Company grows durable, sustainable materials from fungus

Company grows durable, sustainable materials from fungus

February 4, 2012 0 By Bret Williams

Alternative energies garner the majority of attention from the media when it comes to sustainability.

There is more to sustainability that renewable fuel, however, as Ecovative Design, a biomaterials company, is keen to show. The company has made a name for itself in the realm of sustainable materials but replacing the harmful chemicals found in most industrial products with what it calls “mushroom technology.” Indeed, the company uses fungus to create anything from insulation to packaging materials.

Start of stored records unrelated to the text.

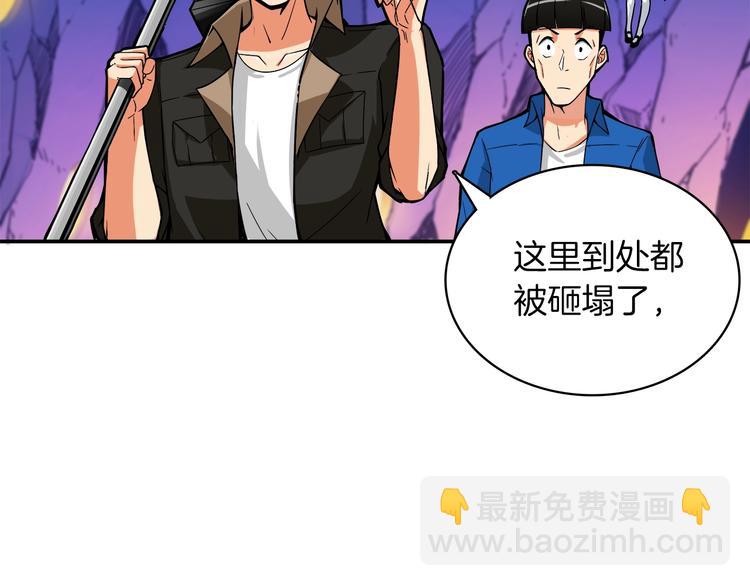 第16话 毒气来袭！63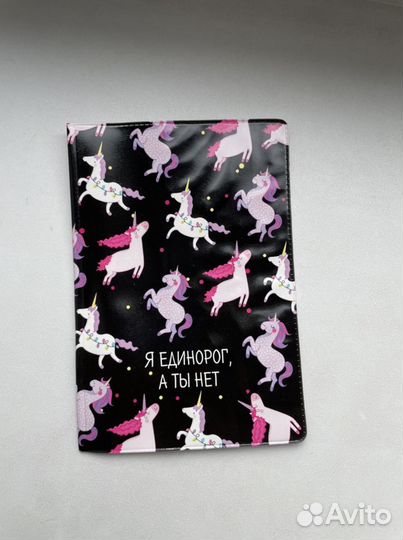 Обложка на паспорт с единорогами (новая)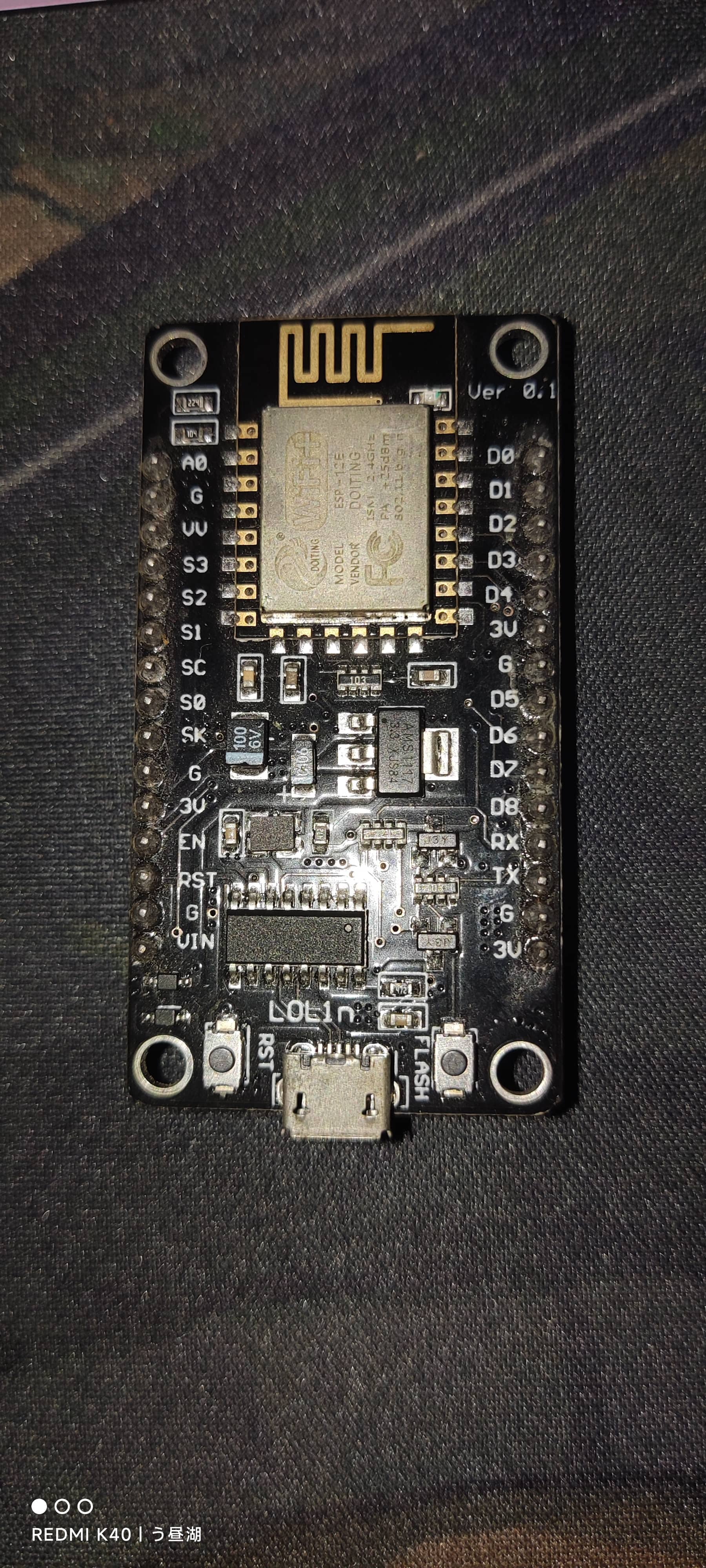 Arduino ESP 8266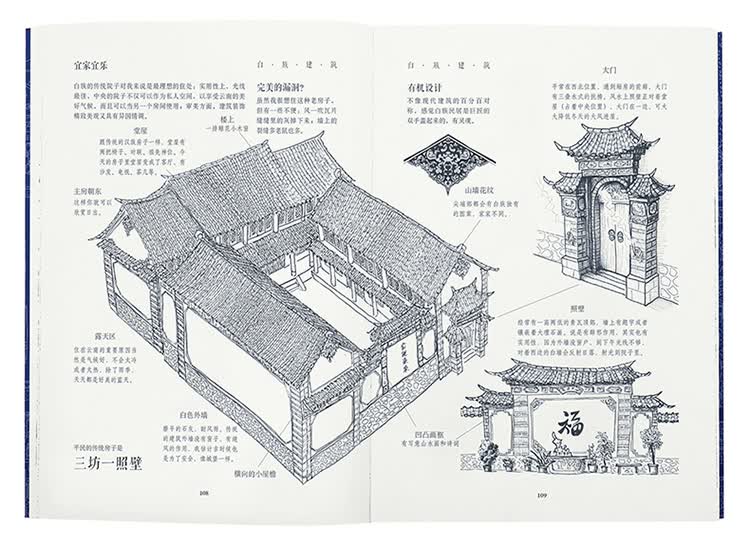 大理外传一个英国人用中文写出的书一个叫大理的地方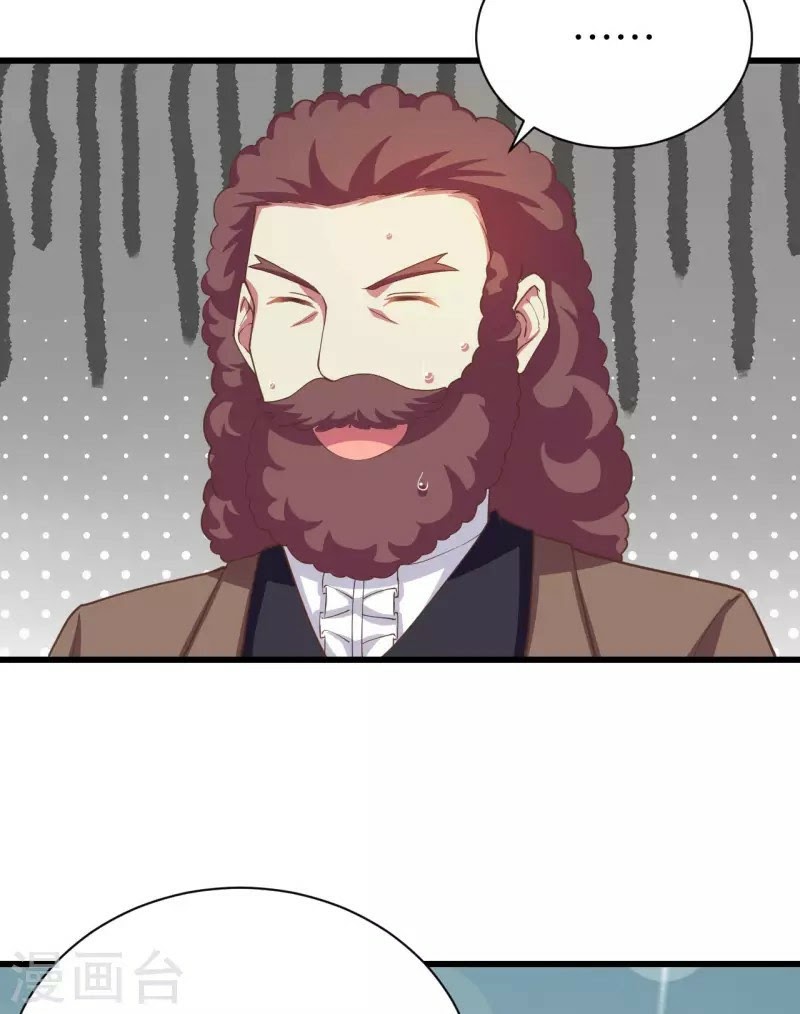 To Be The Castellan King chapter 139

The fungus in question is mycelium, a thread-like network of fungal components that is, essentially, a naturally occurring adhesive. The fungus is grown in the dark, fed with plant stalks and seed husks until for about a week. It is then harvested and heated to halt any further growth. After heating, the fungus becomes a very durable, waterproof material that can be used in a variety of ways.

The company has used the fungus-material to package wine and food products.

Ecovative Design claims that the material can be used in place of industrial adhesives that are common environmental hazards without sacrificing the safety of products. Despite the material’s origins, it is clean enough to even replace Styrofoam cups and can be used as a container for any liquid.

Sustainability is an all encompassing issue. While much of the issue is occupied with science concerning alternative energy, materials still play a major factor in the health of the environment. Finding alternative materials is, for all intents and purposes, just as important to the world as finding alternatives to oil and other fossil-fuels.